ADR-019: Infrastructure-as-Code Strategy

Status

Accepted (2026-04-23)

Context

SecurityV0 currently manages infrastructure through three uncoordinated surfaces:

Dashboard-managed — Cloudflare (DNS, Zero Trust Access applications, service tokens), GitHub Actions secrets and Environments, Hetzner VMs, BetterStack and Grafana Cloud (pending signup), MongoDB Atlas (pending provisioning). Every change is a click. Drift between what reviewers believe is deployed and what is actually deployed is guaranteed over any timescale longer than a week.
Partially terraformed — sv0-connectors/infra/ has real HCL modules for Azure Foundry and Azure identity, with a 1Password Service Account credential pattern and Makefile wrappers. sv0-demo-labs/labs/*/infra/ has Terraform for per-lab Azure environments. Both use local state, per-developer.
Not yet in existence — post-pilot cloud-agnostic compute (AWS VM or Azure VM per the readiness-review §2.3 decision), MediaPro Atlas cluster, observability stack config, any cross-cutting resources that cross the product-repo boundary.

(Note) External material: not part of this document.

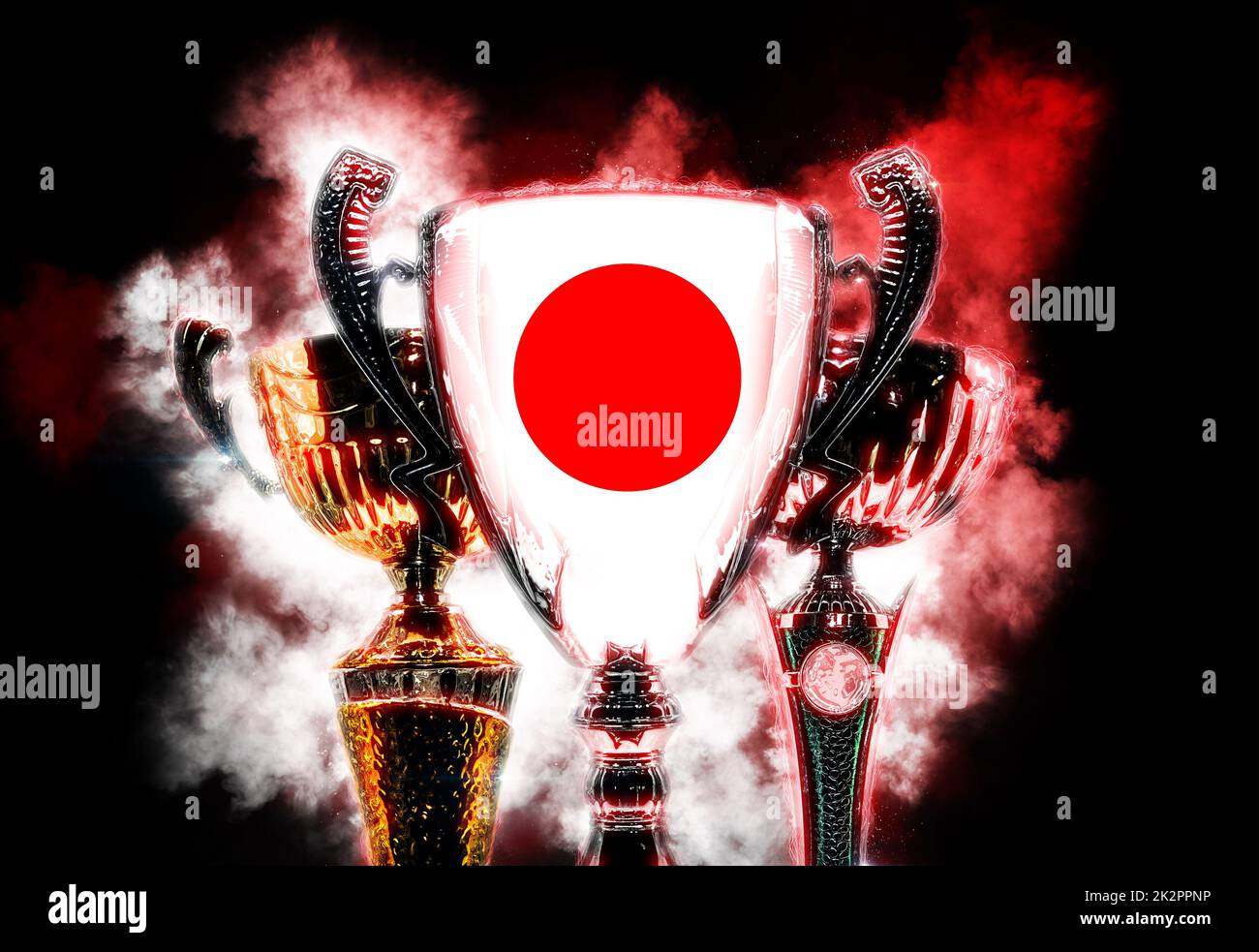 Trophy cup textured with flag of Japan. Digital illustration Stock Photo Alamy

Three pressures forcing this decision now:

MediaPro pilot in early May. Pilot infrastructure is being provisioned right now; everything new we provision during pilot week is a dashboard click we will have to reconcile later.
Dedicated-deployment customers are a known future requirement. ADR-016's amendment committed to supporting single-tenant deployments via a SINGLE_TENANT_SLUG environment flag when the first such customer signs. That promise is only as cheap as our ability to stamp out a new customer stack — Atlas cluster, compute VM, Cloudflare DNS, GitHub environment secrets, observability wiring — in hours not days.
The 2026-04-12 architecture review flagged hand-managed deploy tooling as a ship-blocker for enterprise credibility. Terraforming production infrastructure is step one of the managed-platform migration path ADR-018 committed to.

The alternative paths — keeping dashboard management and writing runbooks, or deferring IaC until after pilot #3 — were considered and rejected. Runbooks encode click-paths that rot every time a vendor changes their UI. Deferring means that every tenant we onboard between pilot-1 and pilot-3 is a second stack we'll have to terraform-import later, with all the import-in-production risk that entails.

Decision

Adopt Terraform as the single IaC tool, a hybrid repo structure (new sv0-infrastructure for cross-cutting, existing product-scoped modules stay where they are), and Terraform Cloud free tier for state and plan/apply orchestration. Design every module so it is tenant-parameterizable from day one — each customer stack is an env/tenant-<slug>/ instantiation of the same module set.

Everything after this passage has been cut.